Does the HOA Pool Have A Leak or is it Water Evaporation?

Water being such a large part of a HOA’s annual budget watching for pool leaks is always prudent. However, it is very common for normal every day water evaporation to be mistaken for a pool leak. Determining the evaporation rate is the first step in determining if the water disappearance is due to evaporation or a leak.


Geographic and environmental reasons determine the rate of evaporation. Due to evaporation, swimming pools loose about a quarter of an inch of water each day on average. However, environmental issues such as sunlight, humidity, and wind intensity can significantly affect evaporation rate.


The humidity of the southern United States has a positive effect in that a dryer environment would pull more water out of a pool. Thus humidity keeps more water in a pool, because humid air is already heavy with moisture. The sun also has a major impact on evaporation by heating up the pool water and turning water molecules into air molecules. Interestingly, wind plays a large part in water evaporation by blowing away water particles.


Non environmental issues such as the level of activity in the pool affects water levels. Pool users continually getting out of the pool while this make seem insignificant does have an effect.     Normal splashing and playing will also reduce the water levels.


A simple and effective test to determine if the HOA pool has a leak of if the water loss is due to normal evaporation is the Bucket Test.

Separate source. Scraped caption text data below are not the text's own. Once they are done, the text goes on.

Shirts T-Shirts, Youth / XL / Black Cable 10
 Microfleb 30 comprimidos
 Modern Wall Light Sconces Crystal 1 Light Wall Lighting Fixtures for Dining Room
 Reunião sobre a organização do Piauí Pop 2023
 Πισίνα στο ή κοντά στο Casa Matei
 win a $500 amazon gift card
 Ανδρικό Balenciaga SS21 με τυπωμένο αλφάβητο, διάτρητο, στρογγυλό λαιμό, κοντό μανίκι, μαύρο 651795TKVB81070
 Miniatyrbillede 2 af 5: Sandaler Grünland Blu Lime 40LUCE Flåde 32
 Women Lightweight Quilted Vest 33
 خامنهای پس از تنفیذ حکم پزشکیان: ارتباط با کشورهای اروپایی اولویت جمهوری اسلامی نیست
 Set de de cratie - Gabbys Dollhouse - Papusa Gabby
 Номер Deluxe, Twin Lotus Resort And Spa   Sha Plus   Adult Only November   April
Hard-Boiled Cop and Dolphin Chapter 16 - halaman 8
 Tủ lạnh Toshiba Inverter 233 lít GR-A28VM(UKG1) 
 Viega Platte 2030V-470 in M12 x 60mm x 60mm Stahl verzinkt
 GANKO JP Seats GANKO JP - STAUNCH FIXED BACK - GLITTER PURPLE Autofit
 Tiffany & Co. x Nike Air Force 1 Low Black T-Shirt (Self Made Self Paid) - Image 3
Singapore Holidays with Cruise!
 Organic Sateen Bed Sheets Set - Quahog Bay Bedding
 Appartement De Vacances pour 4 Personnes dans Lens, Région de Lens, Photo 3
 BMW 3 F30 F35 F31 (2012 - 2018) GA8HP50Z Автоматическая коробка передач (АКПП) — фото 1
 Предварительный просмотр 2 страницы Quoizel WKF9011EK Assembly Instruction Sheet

The Bucket Test:


– Fill the pool to the normal level

– Fill a five gallon plastic bucket with pool water to within two inches of the top of the bucket

– Place the bucket on the steps of the pool, at least six inches submerged in the pool water

– Mark the level if the water within the bucket

– Temporarily turn off the pool pump and autofill. Then mark the pool water level on the outside of the bucket. Turn the pump and autofill back on.

– Measure the distance between the marks

– Allow for 24 hours and compare the two water levels.


If the water levels are the same distance apart, probably only evaporation has occurred. If the pool water goes down more than the bucket’s water level, more than likely there is a leak. At this point it would be advisable to retain the services of a company that specializes in finding leaks and having the leak fixed.


If there is a leak continuing filling the pool my seem like a viable option, however, pool leaks are generally very serious. Very serious in that if a pool leak is not addressed there is a greater potential for severe damage. Leaks can, overtime, damage the structural integrity of the pool resulting in 10s of thousands in repair costs.